Prompt Example 5: Code Generation / Data Extraction
For the final example, we will use Llama 3.2 3B to write Python scripts to extract data from a CSV file. We will then ask the same model to refactor and improve its own generated code. Using this two-step method typically results in better-quality code. Once again, we will the system role to provide context to the model (all prompts are in the README file):
You are an expert programmer who writes Python 3 code in a Pythonic style. Pythonic refers to an approach to Python programming that embraces the idioms and practices considered natural or idiomatic in the Python programming language. It embodies the philosophy and best practices that lead to clear, concise, and readable code. Pythonic code is also performant, resilient, efficiently catches specific exceptions, and uses the latest Python 3 features. Important: You should always optimize code for performance over the use of convenience libraries and use Python functions to separate functional concerns, including a main() function.
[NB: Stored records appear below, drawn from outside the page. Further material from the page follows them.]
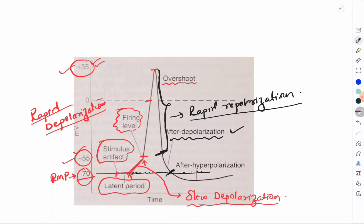After the after depolarization reaches the resting membrane potential, the trajectory overshoots in the hyperpolarizing direction — going beyond the resting level — and then slowly returns to the resting membrane potential. This phase is called after hyperpolarization.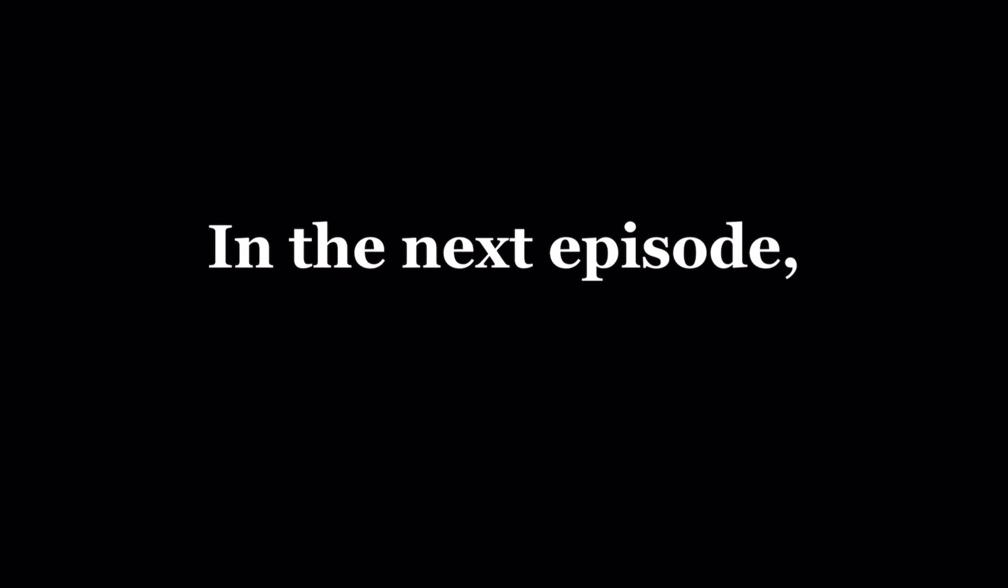Alright, that's it for now. In the next episode we will look at more types of animations using what we've learned today and also something called Interpolation. Remember to subscribe if you don't want to miss it. Thanks for watching and I'll see you in the next one.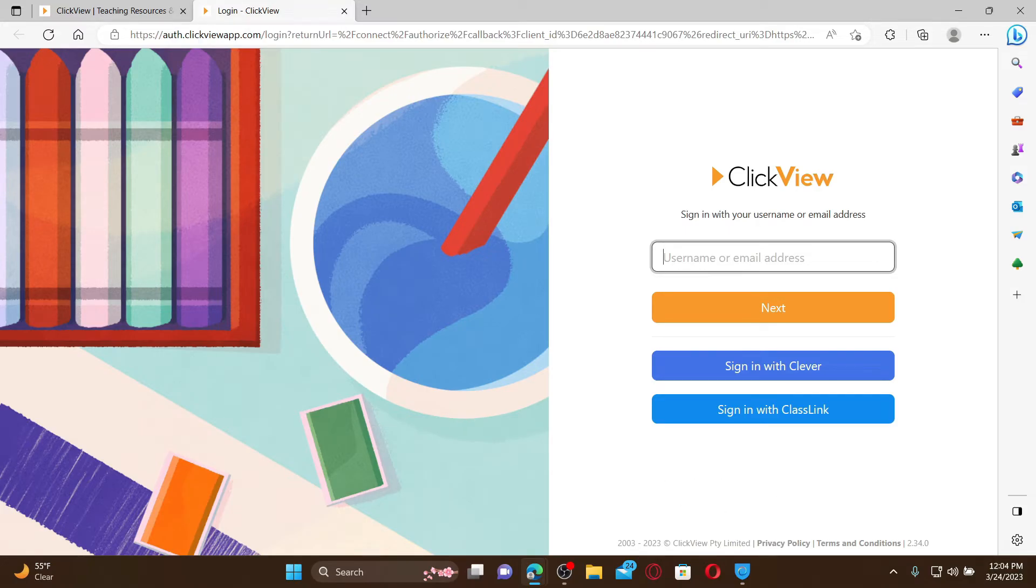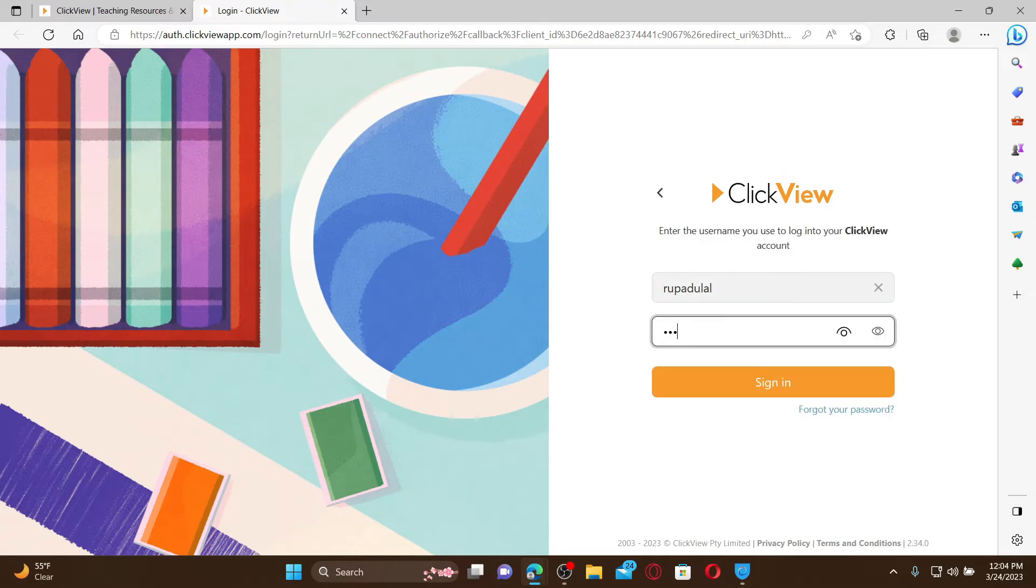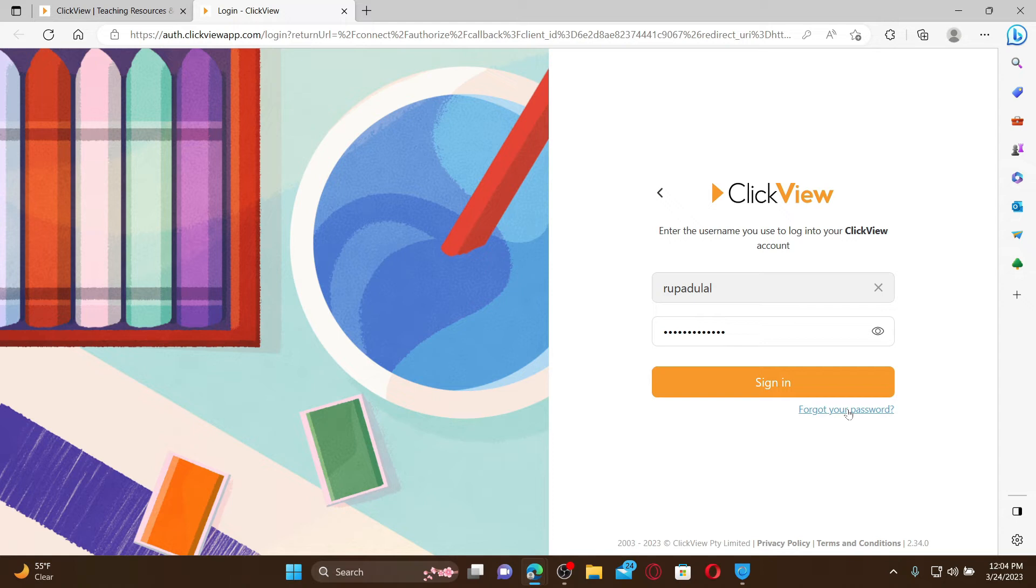Go ahead and enter your correct username and click next. Enter your password associated with your account. If you've lost your password, click on the forgot your password link and follow the instructions to reset to a new password. Finally, after you are done, click the sign-in button.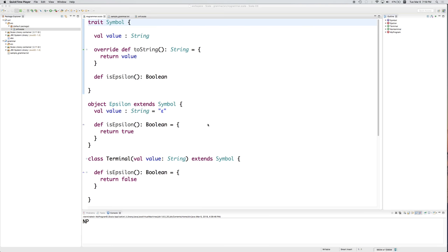Let's continue. In the previous example, we began by looking at the definition of a context-free grammar and the definition of Chomsky normal form. We then began to write a program in the Scala programming language to read a context-free grammar from disk.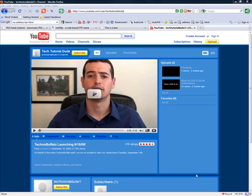Welcome to this Tech Tutorial Dude tutorial. Today I will be teaching you how to make an RSS feed for your website.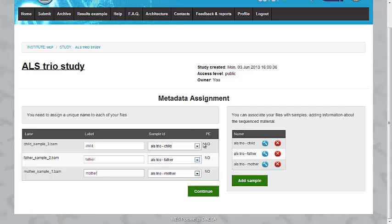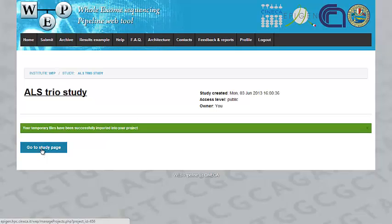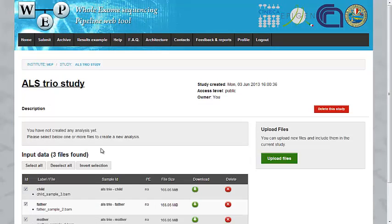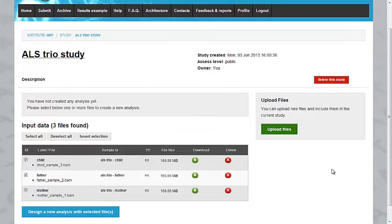When the metadata assignment is over, you just have to click the Continue button. OK. So, the upload process is complete. We return to our study page and we can see our files with all the information.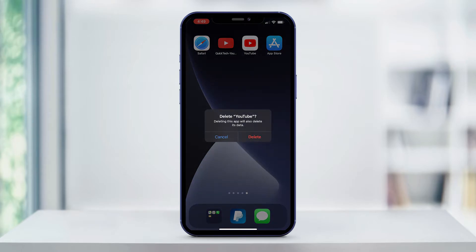Just a word of caution here though — if this is an app that has sensitive data such as business information or personal information that can't be lost, then make sure you've backed that data up. Once you know your data is safe, go ahead and select Delete.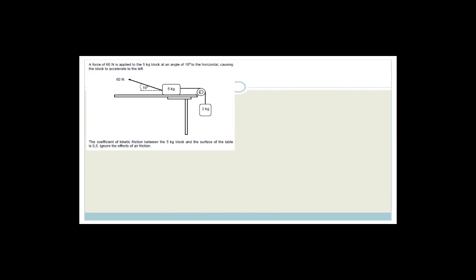Grade 11, what I'd suggest is that before our next lesson on Tuesday, take a screenshot or pause the video and draw the free body diagrams for the 5 kg and 2 kg blocks — just that. Don't worry about the calculations. We'll go through them when I see you on Tuesday. Have a wonderful day!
The user prompt describes the task we want to solve by generating the Python script (all prompts are in the README file). According to Meta, the user role “represents the human interacting with the model. It includes the inputs, commands, and questions to the model.” Note that we are also asking the model to explain its decisions. This allows us to learn from the model, as well as confirm the model’s understanding of the instructions we provided.
Write a Python 3 script to extract all values from the 'First Name' column of a CSV file as a Python list of dictionary objects containing the values as strings ('names'), sorted in ascending order, along with the count of each unique value ('count'). Do not repeat any values. Require a command-line argument for the 'path' to CSV file. Output the results as Name: {name}, Count: {count}, sorted in descending order by counts and secondarily, in ascending order by name. Explain your decisions. Below is a sample of that CSV file's header row: Index,Customer Id,First Name,Last Name,Company,City,Country,Phone 1,Phone 2,Email,Subscription Date,Website
Let’s see if we can improve and optimize the Python code. We will use a new user role prompt but keep the system role prompt (all prompts are in the README file):
Refactor the code to adhere to PEP 8 guidelines and optimize it for performance, taking into account any existing constraints or requirements.
The resulting script correctly extracted a list of first names from 100K records in the CSV file in ascending order without duplicates and output in the requested format and order, all in 0.261 seconds.
Name: Joan, Count: 183 Name: Audrey, Count: 182 Name: Bridget, Count: 182 Name: Anne, Count: 180 Name: Melinda, Count: 177 ... Name: Jay, Count: 115 Name: George, Count: 114 Name: Jessica, Count: 114 Name: Tanner, Count: 114 0.23s user 0.01s system 94% cpu 0.261 total
GPU Performance
You can monitor GPU performance on your Mac using several tools, including asitop.
Another option for monitoring your Mac’s GPU performance is Mx Power Gadget.
Conclusion
In this brief post, we saw how easy it is to start locally with Meta’s latest Llama 3.2 1B and 3B LLMs using a combination of Ollama, LangChain, and Streamlit. Install Ollama and download this post’s sample application from GitHub to start today.